# Dad Gets Another Good One



## Fish4Food (Mar 20, 2006)

Here are some pictures of the buck my dad killed while hunting a cut corn field, during the extended gun season, 12 scorable points, with three broken kickers. I thought last year's "Unicorn Buck" was gonna be hard to beat, but I guess not for my dad.


----------



## Fish-N-Fool (Apr 12, 2004)

Nice buck:! - looks to have a real nice sized body on him as well!


----------



## bkr43050 (Apr 5, 2004)

Careful! I think he is just sleeping!! I don't see any holes in him.

That is a great looking buck by the way. Congrats to your dad.


----------



## Fish4Food (Mar 20, 2006)

haha, yea he actually put a perfect heart shot on it, the buck was only about 30 yards, I did some retouching on the computer, and took out the entry hole, makes for a better picture


----------



## bkr43050 (Apr 5, 2004)

Fish4Food said:


> haha, yea he actually put a perfect heart shot on it, the buck was only about 30 yards, I did some retouching on the computer, and took out the entry hole, makes for a better picture


Now that you mention the photo touch-up I looked closer at the large picture.
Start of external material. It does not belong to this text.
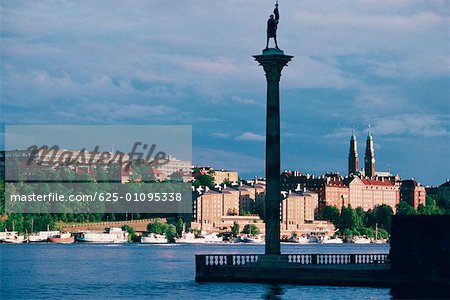 Flachwinkelansicht einer Statue auf einer Säule in einem Hafen, Stockholm, Schweden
I think I actually see the spot. It looks like he took the shoulder out in the process.


----------



## swantucky (Dec 21, 2004)

Very nice buck!!


----------



## Fish4Food (Mar 20, 2006)

yea, I just did a quick cover up you can still see a little discolored area, where its not a perfect match, he actually shot the deer at an angle where the bullet missed the shoulder, and the buck still ran about 80 yards before dropping.


----------



## Fishstix (Aug 16, 2005)

That's a great buck! What county did this buck come out of?


----------



## Kyfisherman1 (Mar 22, 2007)

now that is a nice buck!


----------



## Fish4Food (Mar 20, 2006)

thanks, that buck was taken in Portage county


----------



## Got One (May 26, 2006)

GREAT buck !!! Congrats to Dad....


----------



## chase845 (Nov 2, 2005)

awesome buck! 160s?


----------



## martinconcrete (Feb 4, 2006)

Where did he hit him I dont see any holes. That driving snow brings back some cold memories for sure. Great buck!


----------



## Fish4Food (Mar 20, 2006)

I don't think the buck will score very high actually. I'm not sure how the kickers will be scored, but it will have alot of deductions. The shot was a perfect heart shot, the bullet hole was covered with a little photo editting, thanks everyone


----------



## Kyfisherman1 (Mar 22, 2007)

Fish4Food said:


> I don't think the buck will score very high actually. I'm not sure how the kickers will be scored, but it will have alot of deductions. The shot was a perfect heart shot, the bullet hole was covered with a little photo editting, thanks everyone


that buck is at least in the 160's..... good mass and good tine length


deductions? who cares? that deer grew every inch of those horns, to deduct is non-sense, tell us what his gross score comes out to be?

I'll guess 167

can't beleive you don't think it will score good


----------



## WISH IT WAS YOU (Jul 25, 2006)

omg what a nice buck your dad should be proud and idk that unicorn was crazy looken


----------



## Fish4Food (Mar 20, 2006)

Kyfisherman1 said:


> that buck is at least in the 160's..... good mass and good tine length
> 
> 
> deductions? who cares? that deer grew every inch of those horns, to deduct is non-sense, tell us what his gross score comes out to be?
> ...


haha, tell that to the guys with Ohio Big Buck, I have been around deer scoring my whole life, the pictures make it look a little better than it really is. This buck will probably not net more than 145, it is just too unsymetrical


----------



## Kyfisherman1 (Mar 22, 2007)

net score? heck with that....... i like the if he grows it, it counts method lol

Maybe the pic is making him look better, before editing my post i guessed he would gross 158, then started lookin again and was like dang he might go another 10 lol


----------



## BuckHunter10 (Jan 16, 2007)

awesome buck man that thing is a brute congrats


----------



## chase845 (Nov 2, 2005)

Awesome deer no matter what he scores.


----------



## Fish4Food (Mar 20, 2006)

Unofficial scores are in!!! Now this is just a rough score thrown together by a friend of mine and myself, but we scored the buck at a gross of 162 3/8. And a net of 148. I will be curious to see how close we actually were when we have the buck officially measured at the Ohio Deer and Turkey Expo.


----------



## JK1912 (Jun 11, 2005)

that is a real nice looking buck wish i was out more this year well its not over yet


----------



## Hatchet Jack (Jan 15, 2008)

thanks everyone


----------